Note that in higher organisms, the coding sequence will typically be fragmented into several exons separated by noncoding introns. These introns may be very long and frequently account for more of the overall length of the gene than the exons.
(b) CpG (or CG) islands are often found upstream of the transcribed regions in vertebrate DNA. These are GC-rich regions that are often methylated for regulatory purposes. They may be identified by the presence of multiple cut sites for restriction enzymes whose recognition sequences consist solely of C and G (e.g., HpaII cuts at C/CGG).
(c) Coding DNA tends to evolve more slowly than noncoding DNA. Consequently, coding DNA from one animal will often hybridize to DNA from a range of related organisms while noncoding DNA does not. Zoo blots are often used to identify coding DNA.
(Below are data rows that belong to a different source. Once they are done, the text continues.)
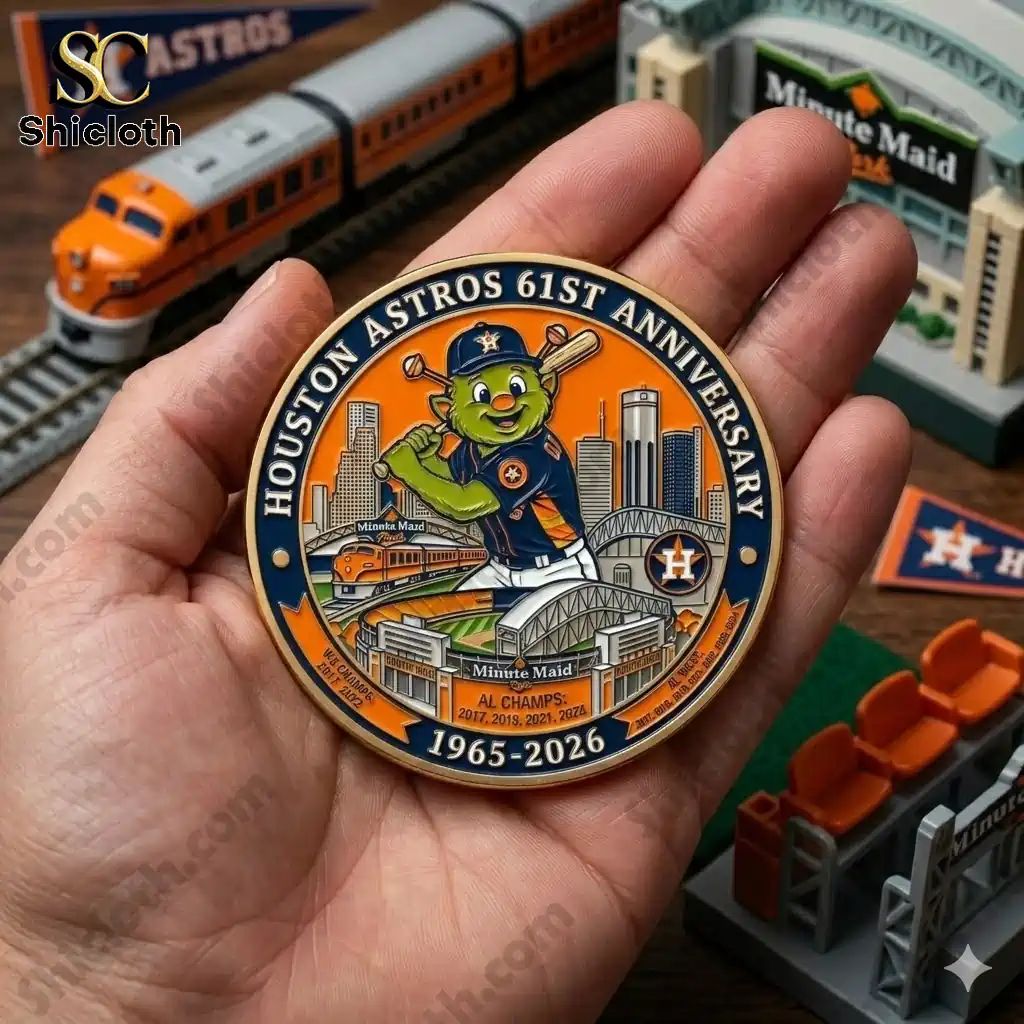 Houston Astros 61st Anniversary Commemorative Coin - Adult & Kids T-Shirts, Sweatshirts & Hoodies apparel design preview 1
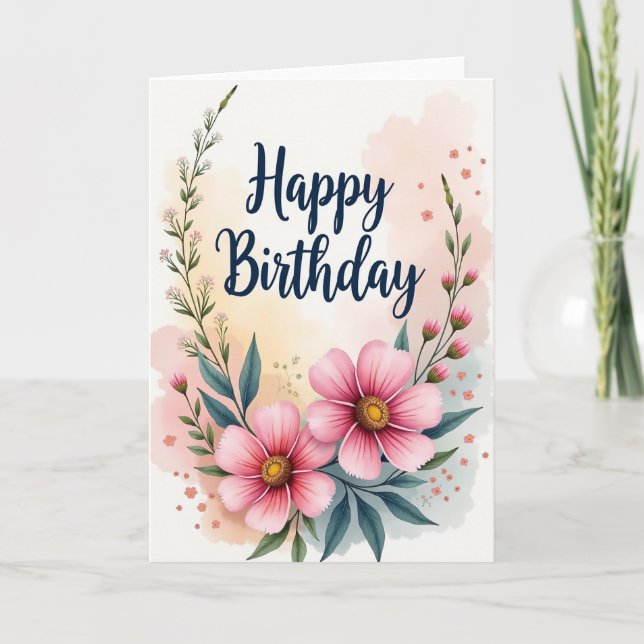 Carte d'anniversaire florale Chevron (Devant)
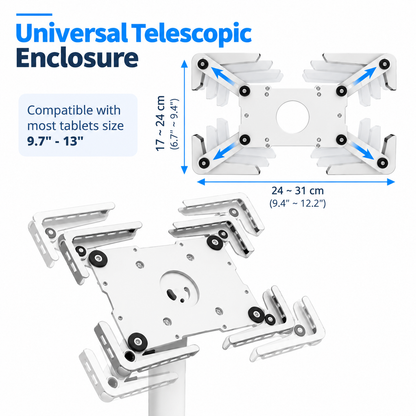 Anti-Theft Tablet Floor Stand –  Height Adjustable - Universal Enclosure (9.7–13″)
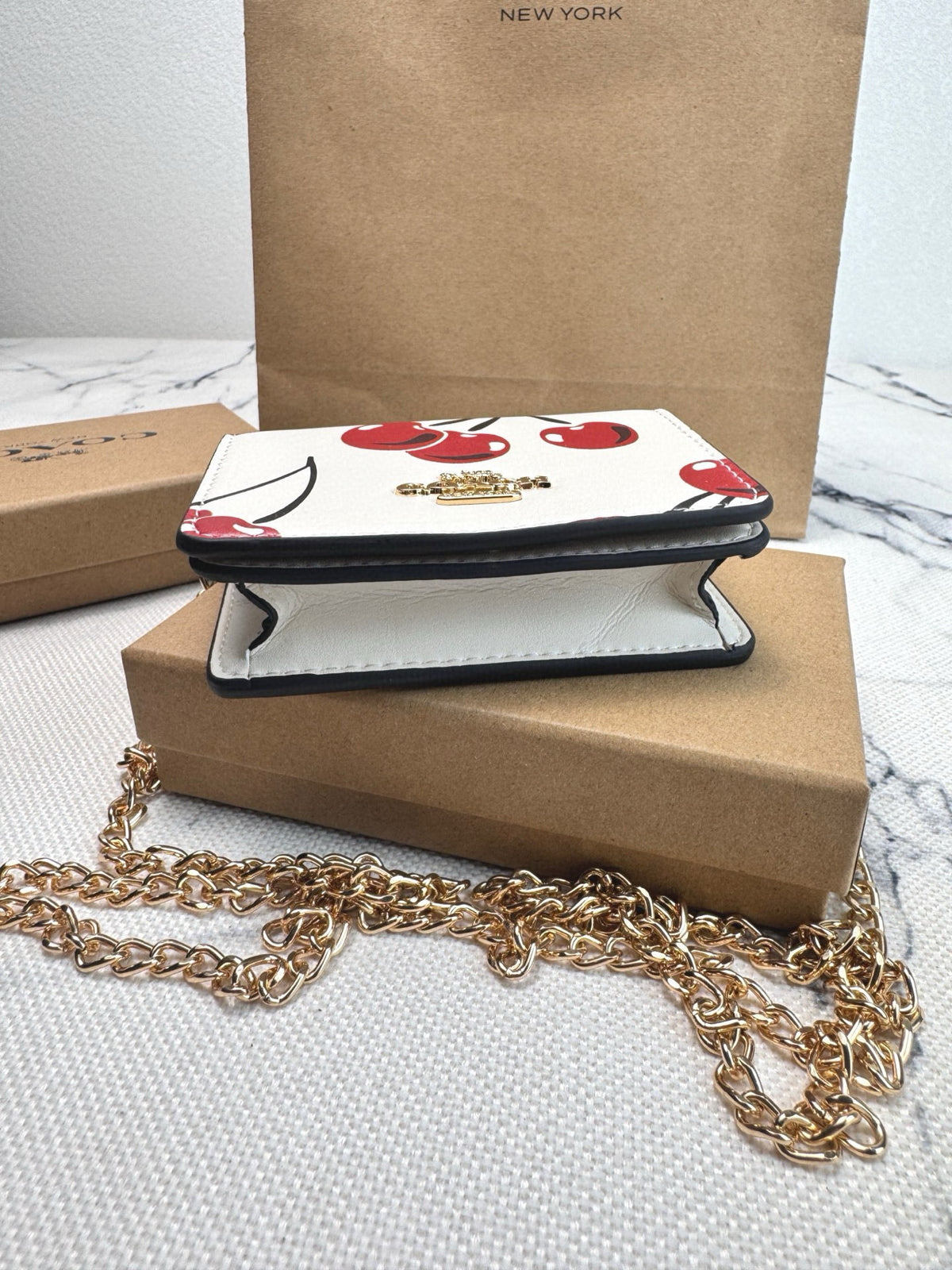 Floral Cherry Print Chain Wallet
(d) Messenger RNA extracted from those tissues most severely affected by a genetic disease should contain significant levels of mRNA derived from the gene responsible for the defect. Hybridization can be used to see if candidate DNA sequences match those in the mRNA pool. (This assumes that the gene in question is expressed at a reasonably high level. This will usually be true for genes encoding structural proteins and enzymes but not for those encoding regulatory proteins. Note also that the mRNA should be isolated from a healthy person because the defective gene might not be transcribed in patients suffering from the defect.)
(e) Ultimately, sequencing of DNA from healthy and affected individuals should show a difference—if the suspected gene is truly responsible for the hereditary defect.